Con los generales de Trump, esta estrategia alcanza una nueva amplitud. Antes de la ofensiva turca contra el enclave kurdo de Afrin, que ha alterado notablemente los planes norteamericanos, Washington anunció su voluntad por crear y establecer en la orilla este del Éufrates un nuevo Ejército de 30.000 combatientes integrado a partir de fuerzas democráticas sirias (FDS, una coalición donde los kurdos serían ampliamente mayoritarios), enmarcada por fuerzas especiales americanas, unos dos mil hombres a día de hoy. El objetivo de esta nueva fuerza es impedir el regreso del Estado Islámico y, sobre todo, contrarrestar la penetración iraní.

Aunque no se puede descartar una confrontación armada entre Teherán y Washington y en un momento en que varios historiadores americanos han mostrado ya su preocupación por ello, el arma privilegiada del regime change es, en primer lugar, la asfixia económica de Irán. Incluso si Hassan Rohani respeta escrupulosamente el acuerdo sobre lo nuclear, la Administración norteamericana parece comprometida con el desmantelamiento, etapa por etapa, del acuerdo de Viena.

Incluso de aquí al 12 de mayo no se puede descartar el restablecimiento de las sanciones contra del régimen iraní. En su comunicado del 12 de enero, Donald Trump fue muy claro: no prolongará más la suspensión de las sanciones, como sucedió hasta entonces. Al mismo tiempo, exige al Congreso un nuevo proyecto de ley acorde a sus exigencias maximalistas que establecería ante todo un vínculo entre el programa nuclear iraní y el programa balístico que Teherán desarrolla hoy. Pero para el presidente norteamericano, la partida no está ganada. Le hace falta una mayoría de 60 votos (sobre 100 con que cuenta el Senado), por lo que deberá captar algunos votos demócratas, a priori poco susceptibles de dar marcha atrás en uno de los grandes éxitos diplomáticos de Obama. Acto seguido, los europeos tendrán que aceptar estas nuevas disposiciones. De ahí el comunicado, de los más directos difundidos por la Casa Blanca, en el que se exige que firmen un “acuerdo complementario imponiendo nuevas sanciones multilaterales si Irán desarrolla o prueba misiles balísticos de largo alcance, elude las inspecciones o se acerca al arma nuclear”.

Al mismo tiempo, Washington se dedica a desalentar a cualquier empresa extranjera que pretende instalarse en Irán, so pena de aplicar en su contra sanciones consideradas “secundarias” (independientes del programa nuclear iraní). No sin éxito. Los bancos europeos y asiáticos no siempre han tomado el camino de Irán y las transacciones bancarias resultan extremadamente difíciles. Como consecuencia de ello, después de la firma del acuerdo, el presidente iraní estimaba en unos 50.000 millones de dólares las inversiones exteriores anuales, pero en realidad no han superado los 4.000-5.000 millones. O lo que es lo mismo, muy lejos de aquellas cifras.

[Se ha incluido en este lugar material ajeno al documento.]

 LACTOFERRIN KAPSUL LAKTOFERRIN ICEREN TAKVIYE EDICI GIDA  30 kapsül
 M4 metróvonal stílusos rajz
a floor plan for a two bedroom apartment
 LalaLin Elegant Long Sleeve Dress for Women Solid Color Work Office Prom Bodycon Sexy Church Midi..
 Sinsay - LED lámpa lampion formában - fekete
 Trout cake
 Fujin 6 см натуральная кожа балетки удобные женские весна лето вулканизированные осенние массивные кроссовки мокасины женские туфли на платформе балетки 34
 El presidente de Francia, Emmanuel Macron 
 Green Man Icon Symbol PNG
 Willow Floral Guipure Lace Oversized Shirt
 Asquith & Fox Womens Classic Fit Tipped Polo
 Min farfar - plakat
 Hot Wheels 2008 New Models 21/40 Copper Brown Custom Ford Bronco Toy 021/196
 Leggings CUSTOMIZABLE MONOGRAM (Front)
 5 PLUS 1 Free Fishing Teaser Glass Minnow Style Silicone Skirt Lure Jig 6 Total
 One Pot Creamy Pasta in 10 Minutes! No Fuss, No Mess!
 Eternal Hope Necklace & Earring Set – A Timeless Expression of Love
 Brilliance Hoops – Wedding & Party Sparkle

Según un estudio del think tank International Crisis Group, que consultó a 60 dirigentes de multinacionales europeas y asiáticas, el 79% de las compañías ha pospuesto sus previsiones de inversión en el mercado iraní en el curso de los dos últimos años y el 83% considera que si Estados Unidos volviera a imponer sanciones, las empresas se mostrarían reticentes (incluso muy reticentes), a la hora de invertir y trabajar en Irán. Este miedo de invertir en Irán afecta más si cabe al régimen iraní por cuanto Hassan Rohani ha presentado el acuerdo nuclear como la panacea, la solución a la mayoría de los males de la economía. De ahí el enfado de la calle en Irán; una cólera que se desató de forma inesperada en unas 60 ciudades a finales de 2017.

Al contrario que Europa, muy circunspecta, la Administración norteamericana de inmediato dio su apoyo estas manifestaciones populares. “Las personas del entorno de Donald Trump, o la corriente que piensa como él, han visto en los acontecimientos de finales de diciembre-principios de enero la confirmación de la fragilidad del régimen de los mulás. Son los mismos que apoyaban que Barak Obama firmase el Joint Comprehensive Plan of Action [JCPOA, el acuerdo de Viena] en un momento en que, sin este salvavidas lanzado al enemigo, el régimen iraní habría terminado por hundirse. Han visto en las manifestaciones una razón adicional para poner en peligro el acuerdo”, escribía Michel Duclos, asesor político en el Instituto Montaigne.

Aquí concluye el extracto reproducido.